WORK REQUEST:
Shown below are entries with pictures; the line with "Wende-Slouch-Beanie mit Innenfutter" through the line with "Number Recognition Poster" is the span to retype exactly, and the pictures stay out.

DATA UNDER STUDY:
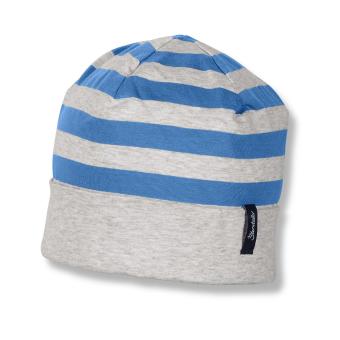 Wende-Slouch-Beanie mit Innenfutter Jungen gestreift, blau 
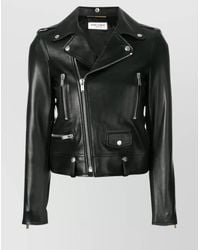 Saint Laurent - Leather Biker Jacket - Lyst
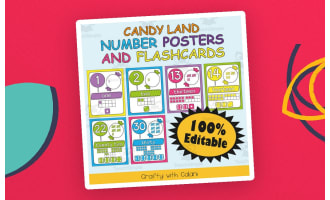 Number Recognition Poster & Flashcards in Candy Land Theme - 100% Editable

--

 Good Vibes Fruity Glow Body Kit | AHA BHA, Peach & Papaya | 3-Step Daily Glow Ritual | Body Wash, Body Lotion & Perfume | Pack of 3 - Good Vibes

==

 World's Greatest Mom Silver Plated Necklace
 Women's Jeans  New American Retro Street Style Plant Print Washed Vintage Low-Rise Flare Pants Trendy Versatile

TASK OUTPUT:
 Wende-Slouch-Beanie mit Innenfutter Jungen gestreift, blau 
 Saint Laurent - Leather Biker Jacket - Lyst
 Number Recognition Poster & Flashcards in Candy Land Theme - 100% Editable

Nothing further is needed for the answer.